▸ What to produce: Below are some records. Return exactly the lines from the one containing "Vilmorin Pois géant" through the one containing "germinating peppers", both included, and only those.

[Records for the task Boundary: Start]

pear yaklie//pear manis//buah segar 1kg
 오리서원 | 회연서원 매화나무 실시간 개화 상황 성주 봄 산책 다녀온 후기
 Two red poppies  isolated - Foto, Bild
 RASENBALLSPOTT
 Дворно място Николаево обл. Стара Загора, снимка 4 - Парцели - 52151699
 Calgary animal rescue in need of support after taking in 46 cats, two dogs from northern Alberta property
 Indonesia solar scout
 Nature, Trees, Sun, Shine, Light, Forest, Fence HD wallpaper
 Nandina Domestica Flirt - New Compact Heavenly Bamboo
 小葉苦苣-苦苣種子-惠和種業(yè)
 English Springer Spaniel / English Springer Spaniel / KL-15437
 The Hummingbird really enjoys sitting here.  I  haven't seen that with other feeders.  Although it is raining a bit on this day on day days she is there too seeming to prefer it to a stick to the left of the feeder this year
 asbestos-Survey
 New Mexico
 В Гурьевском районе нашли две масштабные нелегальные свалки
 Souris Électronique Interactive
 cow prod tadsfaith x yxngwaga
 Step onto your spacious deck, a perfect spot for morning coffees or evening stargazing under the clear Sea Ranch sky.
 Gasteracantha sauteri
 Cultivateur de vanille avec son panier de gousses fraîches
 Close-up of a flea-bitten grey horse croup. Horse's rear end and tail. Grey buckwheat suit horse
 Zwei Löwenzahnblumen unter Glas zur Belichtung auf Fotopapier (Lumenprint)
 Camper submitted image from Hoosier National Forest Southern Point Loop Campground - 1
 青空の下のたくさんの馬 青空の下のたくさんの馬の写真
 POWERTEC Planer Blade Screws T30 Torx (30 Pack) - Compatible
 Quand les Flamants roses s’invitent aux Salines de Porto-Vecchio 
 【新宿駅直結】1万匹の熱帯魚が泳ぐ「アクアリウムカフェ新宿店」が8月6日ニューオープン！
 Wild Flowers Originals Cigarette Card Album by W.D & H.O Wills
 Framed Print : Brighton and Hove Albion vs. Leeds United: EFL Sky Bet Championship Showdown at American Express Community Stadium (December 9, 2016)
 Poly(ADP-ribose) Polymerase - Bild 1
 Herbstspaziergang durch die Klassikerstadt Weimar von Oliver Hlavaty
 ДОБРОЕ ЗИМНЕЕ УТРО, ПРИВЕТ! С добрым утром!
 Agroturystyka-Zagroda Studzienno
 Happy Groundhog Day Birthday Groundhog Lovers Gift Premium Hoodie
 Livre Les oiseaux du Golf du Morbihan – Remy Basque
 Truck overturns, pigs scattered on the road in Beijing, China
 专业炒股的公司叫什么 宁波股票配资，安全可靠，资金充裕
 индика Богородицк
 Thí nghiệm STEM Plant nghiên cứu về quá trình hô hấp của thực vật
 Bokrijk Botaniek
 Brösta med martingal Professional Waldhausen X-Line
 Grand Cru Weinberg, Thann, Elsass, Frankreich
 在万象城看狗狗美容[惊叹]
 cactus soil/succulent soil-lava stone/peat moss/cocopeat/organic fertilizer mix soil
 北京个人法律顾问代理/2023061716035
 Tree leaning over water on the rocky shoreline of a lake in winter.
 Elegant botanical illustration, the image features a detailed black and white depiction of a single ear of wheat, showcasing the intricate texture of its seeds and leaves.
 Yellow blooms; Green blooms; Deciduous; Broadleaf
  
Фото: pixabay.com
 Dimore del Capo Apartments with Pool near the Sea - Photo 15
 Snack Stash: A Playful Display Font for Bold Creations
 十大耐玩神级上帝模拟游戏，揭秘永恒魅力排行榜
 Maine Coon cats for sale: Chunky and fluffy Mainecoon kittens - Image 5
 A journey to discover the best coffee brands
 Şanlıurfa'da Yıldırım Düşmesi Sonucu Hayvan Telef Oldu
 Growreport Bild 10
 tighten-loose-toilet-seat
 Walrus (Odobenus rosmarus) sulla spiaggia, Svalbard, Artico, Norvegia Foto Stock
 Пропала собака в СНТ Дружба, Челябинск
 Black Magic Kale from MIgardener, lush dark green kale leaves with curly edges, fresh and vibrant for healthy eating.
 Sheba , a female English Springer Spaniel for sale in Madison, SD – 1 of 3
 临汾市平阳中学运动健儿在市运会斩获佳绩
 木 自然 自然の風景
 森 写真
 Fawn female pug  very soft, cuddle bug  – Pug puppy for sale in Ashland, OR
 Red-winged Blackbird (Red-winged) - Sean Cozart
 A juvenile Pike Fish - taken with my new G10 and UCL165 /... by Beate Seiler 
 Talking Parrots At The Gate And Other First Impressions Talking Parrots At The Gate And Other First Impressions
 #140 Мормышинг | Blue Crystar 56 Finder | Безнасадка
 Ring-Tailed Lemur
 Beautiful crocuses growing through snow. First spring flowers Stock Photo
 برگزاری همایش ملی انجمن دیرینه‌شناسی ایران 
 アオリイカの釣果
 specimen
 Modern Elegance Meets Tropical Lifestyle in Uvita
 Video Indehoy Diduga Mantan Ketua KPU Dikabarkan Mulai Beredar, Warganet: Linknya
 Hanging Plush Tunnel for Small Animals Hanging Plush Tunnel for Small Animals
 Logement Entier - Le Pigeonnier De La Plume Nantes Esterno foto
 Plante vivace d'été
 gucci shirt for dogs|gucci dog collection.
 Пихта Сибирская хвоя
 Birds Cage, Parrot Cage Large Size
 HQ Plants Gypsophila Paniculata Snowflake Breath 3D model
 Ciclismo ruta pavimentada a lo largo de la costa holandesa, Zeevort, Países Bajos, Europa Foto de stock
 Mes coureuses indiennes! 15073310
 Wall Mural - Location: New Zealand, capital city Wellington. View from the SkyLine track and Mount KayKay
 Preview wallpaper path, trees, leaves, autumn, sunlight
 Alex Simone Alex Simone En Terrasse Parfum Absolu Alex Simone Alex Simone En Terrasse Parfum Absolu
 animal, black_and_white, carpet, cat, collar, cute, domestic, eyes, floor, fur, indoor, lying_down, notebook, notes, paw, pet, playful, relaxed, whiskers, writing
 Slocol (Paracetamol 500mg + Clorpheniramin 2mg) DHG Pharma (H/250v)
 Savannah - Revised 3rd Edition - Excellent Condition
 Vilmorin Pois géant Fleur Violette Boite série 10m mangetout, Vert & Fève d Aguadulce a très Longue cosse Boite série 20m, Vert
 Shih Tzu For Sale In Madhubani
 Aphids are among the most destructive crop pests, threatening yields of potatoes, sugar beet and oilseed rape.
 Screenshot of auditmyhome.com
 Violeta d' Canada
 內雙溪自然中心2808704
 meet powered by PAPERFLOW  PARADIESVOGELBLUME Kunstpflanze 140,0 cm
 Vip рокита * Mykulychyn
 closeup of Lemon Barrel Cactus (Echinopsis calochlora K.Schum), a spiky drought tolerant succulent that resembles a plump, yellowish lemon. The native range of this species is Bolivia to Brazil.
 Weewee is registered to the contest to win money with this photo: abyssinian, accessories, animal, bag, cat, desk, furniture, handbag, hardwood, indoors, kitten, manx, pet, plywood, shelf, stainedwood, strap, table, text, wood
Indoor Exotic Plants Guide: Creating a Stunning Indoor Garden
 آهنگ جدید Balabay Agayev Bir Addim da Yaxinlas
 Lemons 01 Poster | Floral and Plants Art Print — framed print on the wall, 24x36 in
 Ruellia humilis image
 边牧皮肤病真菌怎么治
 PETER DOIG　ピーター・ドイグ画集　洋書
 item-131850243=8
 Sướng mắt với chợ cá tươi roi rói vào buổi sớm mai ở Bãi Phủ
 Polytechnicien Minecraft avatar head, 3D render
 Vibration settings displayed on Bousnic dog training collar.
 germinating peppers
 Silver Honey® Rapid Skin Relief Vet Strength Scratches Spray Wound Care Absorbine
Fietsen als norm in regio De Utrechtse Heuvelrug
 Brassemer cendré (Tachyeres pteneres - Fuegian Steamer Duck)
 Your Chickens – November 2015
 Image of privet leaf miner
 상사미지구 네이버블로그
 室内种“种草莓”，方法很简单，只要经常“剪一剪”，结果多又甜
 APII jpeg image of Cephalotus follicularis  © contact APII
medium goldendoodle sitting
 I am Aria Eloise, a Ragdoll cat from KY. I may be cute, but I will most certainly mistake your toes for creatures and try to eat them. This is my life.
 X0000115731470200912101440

[Records for the task Boundary: End]

▸ Written solution:
 Vilmorin Pois géant Fleur Violette Boite série 10m mangetout, Vert & Fève d Aguadulce a très Longue cosse Boite série 20m, Vert
 Shih Tzu For Sale In Madhubani
 Aphids are among the most destructive crop pests, threatening yields of potatoes, sugar beet and oilseed rape.
 Screenshot of auditmyhome.com
 Violeta d' Canada
 內雙溪自然中心2808704
 meet powered by PAPERFLOW  PARADIESVOGELBLUME Kunstpflanze 140,0 cm
 Vip рокита * Mykulychyn
 closeup of Lemon Barrel Cactus (Echinopsis calochlora K.Schum), a spiky drought tolerant succulent that resembles a plump, yellowish lemon. The native range of this species is Bolivia to Brazil.
 Weewee is registered to the contest to win money with this photo: abyssinian, accessories, animal, bag, cat, desk, furniture, handbag, hardwood, indoors, kitten, manx, pet, plywood, shelf, stainedwood, strap, table, text, wood
Indoor Exotic Plants Guide: Creating a Stunning Indoor Garden
 آهنگ جدید Balabay Agayev Bir Addim da Yaxinlas
 Lemons 01 Poster | Floral and Plants Art Print — framed print on the wall, 24x36 in
 Ruellia humilis image
 边牧皮肤病真菌怎么治
 PETER DOIG　ピーター・ドイグ画集　洋書
 item-131850243=8
 Sướng mắt với chợ cá tươi roi rói vào buổi sớm mai ở Bãi Phủ
 Polytechnicien Minecraft avatar head, 3D render
 Vibration settings displayed on Bousnic dog training collar.
 germinating peppers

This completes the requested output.